3. AGREEMENTS TO SELL AND PURCHASE. Each Seller, severally and not
jointly, hereby agrees to sell to the several Underwriters, and each
Underwriter, upon the basis of the representations and warranties herein
contained, but subject to the conditions hereinafter stated, agrees, severally
and not jointly, to purchase from such Seller at $66.24 a share (the "PURCHASE
PRICE") the number of Firm Shares (subject to such adjustments to eliminate
fractional shares as you may determine) that bears the same proportion to the
number of Firm Shares to be sold by such Seller as the number of Firm Shares set
forth in Schedule II hereto opposite the name of such Underwriter bears to the
total number of Firm Shares.
On the basis of the representations and warranties contained in this
Agreement, and subject to its terms and conditions, the Company agrees to issue
and sell and certain Selling Shareholders named in Schedule III hereto severally
agree to sell to the Underwriters the Additional Shares, of which 77,500 shares
are to be issued and sold by the Company and 372,500 shares are to be sold by
such Selling Shareholders, each such Selling Shareholder selling the amount set
forth opposite such Selling Shareholder's name in Schedule III hereto, and the
Underwriters shall have a one-time right to purchase, severally and not jointly,
up to 450,000 Additional Shares at the Purchase Price. If you, on behalf of the
Underwriters, elect to exercise such option, you shall so notify the Company in
writing not later than 30 days after the date of this Agreement, which notice
shall specify the number of Additional Shares to be purchased by the
Underwriters and the date on which such shares are to be purchased.
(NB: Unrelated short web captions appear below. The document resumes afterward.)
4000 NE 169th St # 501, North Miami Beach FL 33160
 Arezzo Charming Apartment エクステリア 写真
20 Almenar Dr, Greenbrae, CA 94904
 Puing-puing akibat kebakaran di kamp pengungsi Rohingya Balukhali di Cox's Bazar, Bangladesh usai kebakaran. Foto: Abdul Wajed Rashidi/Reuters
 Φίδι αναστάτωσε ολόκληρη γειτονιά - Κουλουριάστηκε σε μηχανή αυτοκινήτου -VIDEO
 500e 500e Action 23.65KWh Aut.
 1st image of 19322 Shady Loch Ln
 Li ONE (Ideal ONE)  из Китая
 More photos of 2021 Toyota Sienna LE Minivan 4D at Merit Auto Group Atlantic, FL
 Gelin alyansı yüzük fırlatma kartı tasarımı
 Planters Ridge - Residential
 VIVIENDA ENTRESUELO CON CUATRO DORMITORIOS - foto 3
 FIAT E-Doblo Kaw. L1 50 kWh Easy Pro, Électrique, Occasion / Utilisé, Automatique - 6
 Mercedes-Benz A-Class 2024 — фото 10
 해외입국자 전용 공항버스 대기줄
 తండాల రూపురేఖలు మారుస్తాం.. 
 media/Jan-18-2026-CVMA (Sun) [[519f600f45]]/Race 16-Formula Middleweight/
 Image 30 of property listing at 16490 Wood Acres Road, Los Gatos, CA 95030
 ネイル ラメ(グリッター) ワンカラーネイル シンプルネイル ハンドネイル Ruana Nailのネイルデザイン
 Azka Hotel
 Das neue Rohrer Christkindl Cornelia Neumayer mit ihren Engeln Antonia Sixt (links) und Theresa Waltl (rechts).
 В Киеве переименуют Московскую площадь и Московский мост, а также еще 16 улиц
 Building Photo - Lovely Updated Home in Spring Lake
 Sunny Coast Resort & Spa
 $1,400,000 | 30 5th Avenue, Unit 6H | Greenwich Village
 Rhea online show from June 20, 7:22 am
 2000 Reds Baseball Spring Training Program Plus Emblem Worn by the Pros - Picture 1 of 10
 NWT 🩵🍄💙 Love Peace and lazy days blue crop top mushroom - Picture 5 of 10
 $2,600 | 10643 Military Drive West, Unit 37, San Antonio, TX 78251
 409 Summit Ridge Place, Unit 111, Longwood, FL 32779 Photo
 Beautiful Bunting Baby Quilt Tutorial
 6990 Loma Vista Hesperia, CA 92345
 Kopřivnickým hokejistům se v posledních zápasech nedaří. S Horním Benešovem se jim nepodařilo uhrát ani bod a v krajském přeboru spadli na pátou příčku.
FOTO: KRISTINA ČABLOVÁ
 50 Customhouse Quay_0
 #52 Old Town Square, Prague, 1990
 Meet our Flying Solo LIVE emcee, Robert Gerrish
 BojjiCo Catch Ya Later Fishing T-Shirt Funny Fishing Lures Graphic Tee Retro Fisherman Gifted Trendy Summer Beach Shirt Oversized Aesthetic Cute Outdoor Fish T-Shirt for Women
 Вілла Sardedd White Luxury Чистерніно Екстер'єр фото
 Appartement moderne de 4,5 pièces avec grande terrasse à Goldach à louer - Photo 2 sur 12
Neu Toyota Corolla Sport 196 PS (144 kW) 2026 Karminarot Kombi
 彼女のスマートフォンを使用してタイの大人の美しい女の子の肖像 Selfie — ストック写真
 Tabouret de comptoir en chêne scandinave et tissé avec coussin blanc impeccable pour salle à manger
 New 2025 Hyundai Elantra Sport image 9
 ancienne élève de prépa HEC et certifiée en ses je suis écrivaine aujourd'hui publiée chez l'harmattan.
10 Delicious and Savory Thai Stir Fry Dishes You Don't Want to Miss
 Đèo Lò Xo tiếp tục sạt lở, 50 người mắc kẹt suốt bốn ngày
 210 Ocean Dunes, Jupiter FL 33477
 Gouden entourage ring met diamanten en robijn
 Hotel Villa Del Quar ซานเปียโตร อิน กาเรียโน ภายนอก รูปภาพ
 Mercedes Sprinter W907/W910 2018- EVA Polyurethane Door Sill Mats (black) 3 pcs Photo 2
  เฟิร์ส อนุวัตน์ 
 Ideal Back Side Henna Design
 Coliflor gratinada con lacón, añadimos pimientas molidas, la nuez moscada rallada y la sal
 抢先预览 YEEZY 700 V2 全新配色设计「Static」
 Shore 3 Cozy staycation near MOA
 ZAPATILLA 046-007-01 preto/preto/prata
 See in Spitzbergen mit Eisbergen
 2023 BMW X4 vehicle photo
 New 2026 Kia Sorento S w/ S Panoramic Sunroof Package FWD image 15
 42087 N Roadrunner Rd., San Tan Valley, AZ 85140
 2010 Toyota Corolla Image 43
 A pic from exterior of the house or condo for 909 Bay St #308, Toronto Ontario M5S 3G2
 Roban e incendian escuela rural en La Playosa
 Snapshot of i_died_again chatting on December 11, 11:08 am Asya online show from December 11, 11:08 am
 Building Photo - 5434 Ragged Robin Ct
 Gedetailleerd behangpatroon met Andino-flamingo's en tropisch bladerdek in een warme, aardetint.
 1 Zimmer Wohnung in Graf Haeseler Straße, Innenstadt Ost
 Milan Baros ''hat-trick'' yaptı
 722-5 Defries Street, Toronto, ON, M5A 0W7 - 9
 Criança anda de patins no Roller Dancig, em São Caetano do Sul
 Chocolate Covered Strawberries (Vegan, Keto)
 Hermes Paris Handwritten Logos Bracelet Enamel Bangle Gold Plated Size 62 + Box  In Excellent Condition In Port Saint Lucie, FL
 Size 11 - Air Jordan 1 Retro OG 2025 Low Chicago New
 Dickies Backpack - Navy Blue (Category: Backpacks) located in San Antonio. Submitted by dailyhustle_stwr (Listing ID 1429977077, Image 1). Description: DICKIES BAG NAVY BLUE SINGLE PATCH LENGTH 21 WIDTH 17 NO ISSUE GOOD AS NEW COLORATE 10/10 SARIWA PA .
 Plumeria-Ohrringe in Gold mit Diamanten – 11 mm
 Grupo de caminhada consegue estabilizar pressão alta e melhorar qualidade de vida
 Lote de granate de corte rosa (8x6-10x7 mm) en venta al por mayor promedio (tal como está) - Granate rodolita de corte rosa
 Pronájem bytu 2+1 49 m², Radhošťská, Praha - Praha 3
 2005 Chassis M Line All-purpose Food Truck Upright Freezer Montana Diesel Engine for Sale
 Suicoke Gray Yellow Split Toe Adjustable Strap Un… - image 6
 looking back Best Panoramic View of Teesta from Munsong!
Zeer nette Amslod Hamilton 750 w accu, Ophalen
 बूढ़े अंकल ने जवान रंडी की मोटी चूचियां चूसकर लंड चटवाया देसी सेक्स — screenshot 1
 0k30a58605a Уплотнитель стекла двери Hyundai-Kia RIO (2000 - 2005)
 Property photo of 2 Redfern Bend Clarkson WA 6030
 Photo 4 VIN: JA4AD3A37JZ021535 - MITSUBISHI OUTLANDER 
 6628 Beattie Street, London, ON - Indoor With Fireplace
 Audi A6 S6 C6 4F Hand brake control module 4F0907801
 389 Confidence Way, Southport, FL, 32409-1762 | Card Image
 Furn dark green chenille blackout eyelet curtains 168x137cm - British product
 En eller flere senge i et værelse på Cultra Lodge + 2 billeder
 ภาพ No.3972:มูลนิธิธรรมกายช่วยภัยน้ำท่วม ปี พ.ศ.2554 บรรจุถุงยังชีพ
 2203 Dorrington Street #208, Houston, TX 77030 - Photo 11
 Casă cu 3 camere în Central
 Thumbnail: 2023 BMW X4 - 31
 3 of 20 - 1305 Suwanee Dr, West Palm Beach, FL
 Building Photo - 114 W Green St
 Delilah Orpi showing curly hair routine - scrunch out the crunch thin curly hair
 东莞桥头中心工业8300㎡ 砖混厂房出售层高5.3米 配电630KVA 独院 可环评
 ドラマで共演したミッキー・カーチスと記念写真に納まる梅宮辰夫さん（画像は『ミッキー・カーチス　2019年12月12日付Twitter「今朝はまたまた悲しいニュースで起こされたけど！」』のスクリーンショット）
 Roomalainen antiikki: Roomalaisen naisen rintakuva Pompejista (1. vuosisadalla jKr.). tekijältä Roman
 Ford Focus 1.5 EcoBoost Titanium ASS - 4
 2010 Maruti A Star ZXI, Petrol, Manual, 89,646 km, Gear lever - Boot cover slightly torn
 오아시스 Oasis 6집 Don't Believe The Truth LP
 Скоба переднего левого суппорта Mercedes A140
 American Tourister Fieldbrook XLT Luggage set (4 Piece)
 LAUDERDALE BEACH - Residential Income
Such date
may be the same as the Closing Date (as defined below) but not earlier than the
Closing Date nor later than ten business days after the date of such notice.
Additional Shares may be purchased as provided in Section 5 hereof solely for
the purpose of covering over-allotments made in connection with the offering of
the Firm Shares. If any Additional Shares are to be purchased, each Underwriter
agrees, severally and not jointly, to purchase the number of Additional Shares
(subject to such adjustments to eliminate fractional shares as you may
determine) that bears the same proportion to the total number of Additional
Shares to be purchased as the number of Firm Shares set forth in Schedule II
hereto opposite the name of such Underwriter bears to the total number of Firm
Shares.
Each Seller hereby agrees that, without the prior written consent of
Xxxxxx Xxxxxxx & Co. Incorporated on behalf of the Underwriters, it will not (x)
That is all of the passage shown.